Taiwan has reported more than 1,000 new infections during the past week or so, leading to new curbs in the capital, Taipei, and shocking a population that had become accustomed to life carrying on almost normally.
Announcing another 267 local infections, up from 240 on Tuesday, Health Minister Chen Shih-chung said that although the across Taiwan.
There was no need to order a full lockdown for now, and people should not worry too much, he added.
“At present medical capacity is sufficient, so please don’t worry,” Chen added.
The new curbs for Taiwan restrict personal gatherings and close entertainment venues, steps already in effect in Taipei since the weekend.
In a boost for Taiwan’s fight against the pandemic, Chen said more than 410,000 vaccine doses from COVAX would arrive Wednesday afternoon, which he described as “very valuable” and would be prioritised for front-line health care workers.
It has only received a little more than 300,000 doses to date, all from AstraZeneca. More than two-thirds of those have been distributed.
Taiwan has said it expected to get more than 1 million AstraZeneca shots via COVAX in total.
Taiwan has ordered 20 million doses, mostly from AstraZeneca but also from Moderna Inc, though global shortages have curtailed supplies.
In a statement on Wednesday, Taiwan’s Centres for Disease Control said after a virtual workshop on vaccines on Tuesday with the top U.S., British, Japanese and Australian diplomats in Taipei that vaccines must be fairly distributed.
“Fair access to effective vaccines is the ultimate means to curb the global COVID-19 pandemic. We look forward to more effective and sufficient vaccine development and marketing, and call on all countries to work together to end the COVID-19 pandemic,” it said.

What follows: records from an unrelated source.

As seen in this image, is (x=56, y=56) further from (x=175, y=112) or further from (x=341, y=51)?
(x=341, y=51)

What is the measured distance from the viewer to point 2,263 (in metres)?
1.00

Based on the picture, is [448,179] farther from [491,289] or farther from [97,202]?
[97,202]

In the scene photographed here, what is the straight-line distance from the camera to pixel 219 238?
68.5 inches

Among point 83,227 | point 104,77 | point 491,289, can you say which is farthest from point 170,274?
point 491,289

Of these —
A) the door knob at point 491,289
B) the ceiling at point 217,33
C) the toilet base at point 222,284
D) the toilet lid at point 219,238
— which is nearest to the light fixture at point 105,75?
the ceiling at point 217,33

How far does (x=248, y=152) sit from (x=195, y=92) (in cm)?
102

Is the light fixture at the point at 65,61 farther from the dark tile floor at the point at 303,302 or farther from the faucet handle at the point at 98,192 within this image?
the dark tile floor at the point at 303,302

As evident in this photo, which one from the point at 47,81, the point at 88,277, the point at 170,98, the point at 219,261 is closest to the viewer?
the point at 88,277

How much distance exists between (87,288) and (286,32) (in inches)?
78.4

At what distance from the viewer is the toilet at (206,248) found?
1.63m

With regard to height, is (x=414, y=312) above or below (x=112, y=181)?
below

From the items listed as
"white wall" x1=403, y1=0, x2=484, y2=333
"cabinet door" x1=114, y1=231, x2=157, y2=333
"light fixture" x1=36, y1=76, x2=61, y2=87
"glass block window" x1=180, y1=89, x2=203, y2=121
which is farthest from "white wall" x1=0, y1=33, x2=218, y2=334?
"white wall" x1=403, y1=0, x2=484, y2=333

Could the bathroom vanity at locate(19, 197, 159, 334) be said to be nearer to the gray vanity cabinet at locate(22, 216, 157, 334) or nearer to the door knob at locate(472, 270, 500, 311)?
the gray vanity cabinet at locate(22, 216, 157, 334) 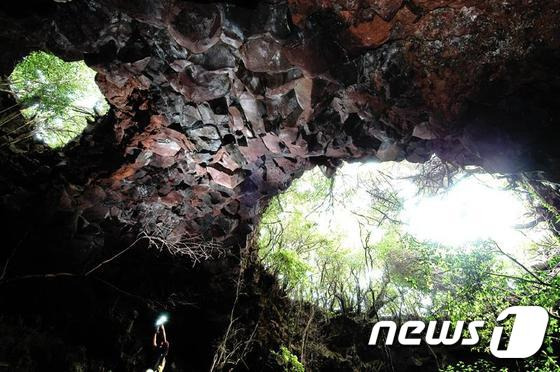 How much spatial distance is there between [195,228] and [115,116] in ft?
9.72

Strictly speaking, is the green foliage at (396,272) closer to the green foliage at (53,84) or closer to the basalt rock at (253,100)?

Taiwan is mobilising its diplomats to try to speed up access to more vaccines, and is in talks with the United States for a share of the COVID-19 shots President Joe Biden plans to send abroad.
Brent Christensen, the de facto U.S. ambassador to Taiwan, said at the same event that “talking about COVID-19 vaccines can be a sensitive subject”, according to a copy of his remarks published by his office.
“We recognise that each country and region is at different stages in their COVID-19 vaccination programmes,” the remarks said. “Unfortunately, many still face difficulties gaining access to vaccines.”
Taiwan has reported 2,533 cases since the pandemic began, including 14 deaths.